Антиутопия — явление более позднее, чем сказка, чем утопия. Это дитя нашего века пришло в мир в рамках фантастической литературы, где был подготовлен саженный каталог кошмаров, которые всякому (и не только земному) обществу может устроить или же «самоудушение» (например, удушение полицейско-кибернетической тиранией), или же агрессия другой цивилизации, или же, наконец, стихийные силы Природы, а значит и сам Космос. Пристрастности всеобщего блага соответствует в антиутопии пристрастность всеобщего зла, пригодная быть магнитом, неизбежно притягивающим социологическое воображение. И здесь также будет напрасна попытка отличить онтичные причины несчастья от социальных. Литературным творчеством руководит нерешительность, будучи выражением незнания самого существования разграничительной проблемы (мы говорили, что не удастся ее разрешить эмпирически, но можно, однако, сделать это средствами культуры, и литература представляет здесь перечень вопросов для рассмотрения этой проблемы). Зло в современной антиутопии обычно задано бескорыстно. Оно не следует, например, из эксплуататорских отношений, из классовых антагонизмов, но дано неоспоримо как неотвратимое состояние, которое не отступает, потому что нет ни общественных сил, ни средств, которые могли бы противодействовать злу. Обычно сюжетом антиутопии является показ нарастающего отрицания, «чудовищности» всеобщего существования. Это будто бы в доказательство, что только утопическое благо может достигать конечной высшей точки, зато зло не имеет никаких границ, положенных экспансии. Надо признать, что антиутопия находит сегодня питательную среду в грустных футурологических видениях самоудушающего роста цивилизации.
II
Наша реконструкция, логическая, а не историческая, не учитывает огромных временных различий следования отдельных «миров с намерением». В ней поражает пустота под названием антисказки — и в самом деле, в фольклоре такого жанра никогда не было. Несмотря на это, мы можем представить его черты в целом точно на основе условий соседства. Мир антисказки должен быть пристрастен индивидуально, меньше всего в нем везет самым лучшим, значит сумма добра и зла, как в сказке, неизменна, но при обратном распределении: добро будет наказано, а зло — вознаграждено. Для благородных нет выигрышных стратегий, зато все стратегии негодяев оптимальны. Функция выплаты является функцией перевернутой этики: Fw = f (1/e). Сумма игры и тут должна быть нулевая, если проигрыш добродетели равен выигрышу порока. Все же возникает вопрос, что является ценой игры, каковы должны быть ее стратегии и какое распределение раскрывает функция выплаты.
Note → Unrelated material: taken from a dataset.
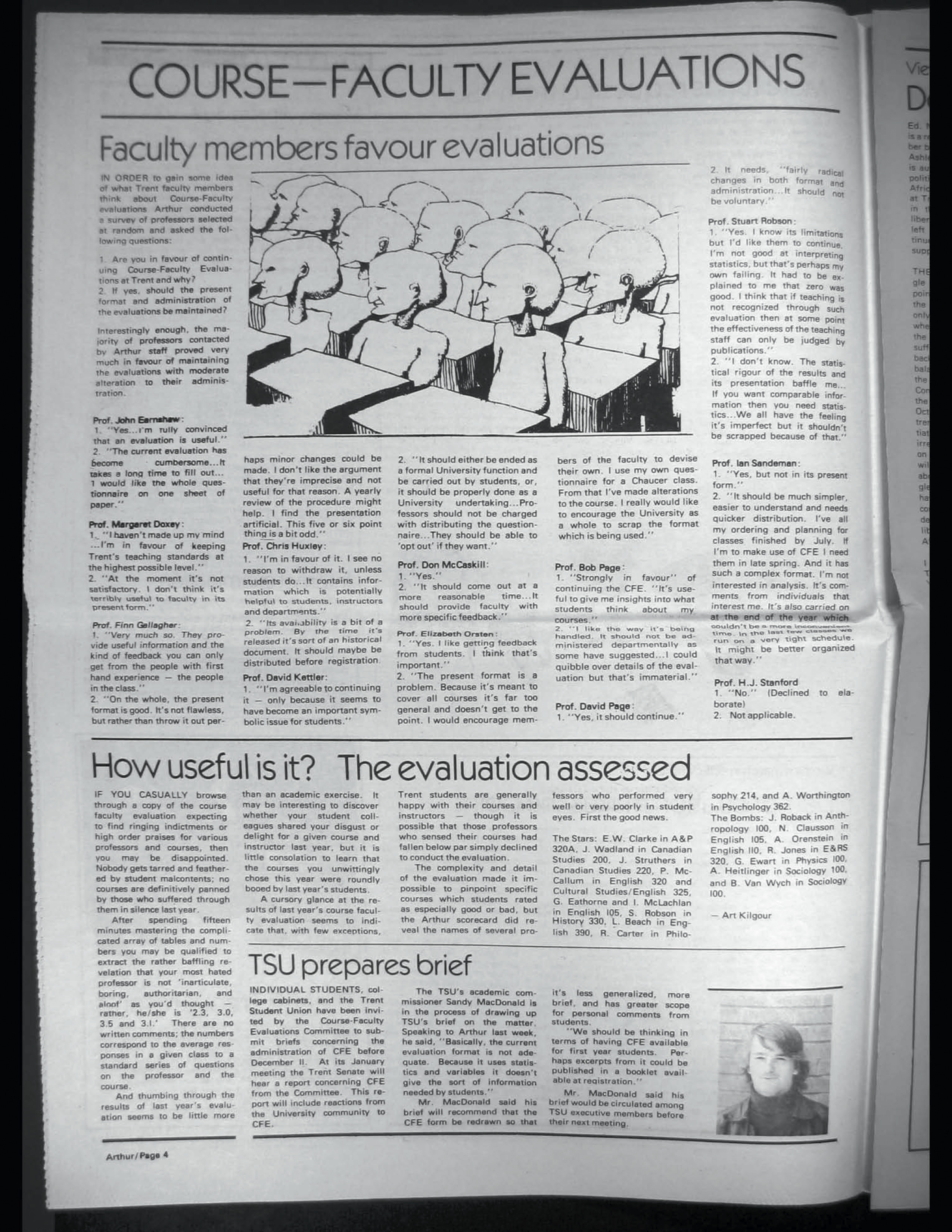 19764-Service File.jpg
В сказках удовольствие испытывают только в конце, ибо неприятно сидеть в клетке волшебницы, в брюхе волка или сражаться с отвратительным чудовищем. Делается это поневоле или от самоотверженности. Благородный и слабый временно проигрывает злу, а сильный герой спешит ему на помощь по высшим мотивам. Но должны быть приятны спасение сирот или путешествия Синдбада — в противном случае такие поступки ничем бы не объяснялись. И следовательно, поскольку другим оказывается помощь для их блага, а препятствия чинятся для собственного, в антисказке иное распределение функции выплаты. Сказка откладывает вознаграждение за доброту; антисказка немедленно премирует зло в ходе его совершения, поскольку страдание других — радость героя. Это меняет ход игры. Сказки начинают обычно с атаки на зло, которое разрушает положение вещей, существующее в начале, и игра ведется за устранение зла с возможным перевыполнением. Добро контратакует не для удовлетворения, а по необходимости, и его победа окончательна в том очевидном смысле, что устанавливается недосягаемое блаженство. Таким образом, должны отличаться друг от друга траектории игры: в сказке сначала немного зла, затем много, а в конце его нет вовсе. Зато в антисказке происходит непрекращающийся подъем зла. Ценой игры в сказке является счастье благородных, которое пытаются у них вырвать подлые. Все же это слишком обобщенная формула. Существует три типичных начала сказочной игры: начальное состояние превосходно, но подвергнется ухудшению, чудовищное, но подвергнется улучшению (часто постепенному), или, наконец, «так себе» и в конце оно хоть немного, но улучшается. Примерами этих трех начал могут быть: сказка о спящей принцессе, в которой королевство чувствует себя превосходно до появления злой волшебницы у колыбели принцессы, сказки о драконах, наводящих ужас с самого начала, и сказки такие, как «Гуси-лебеди»[62] или «Красная Шапочка», в которых подвергается воссозданию первоначальное положение вещей: дети возвращаются целыми из избушки Бабы Яги или из волчьего брюха; возможно, обогащенные трофеями. Стратегия же зла ведь всегда наступательна.
62
в польском варианте «Ясь и Малгося», что соответствует братцу Иванушке и сестрице Аленушке. — Примеч. пер.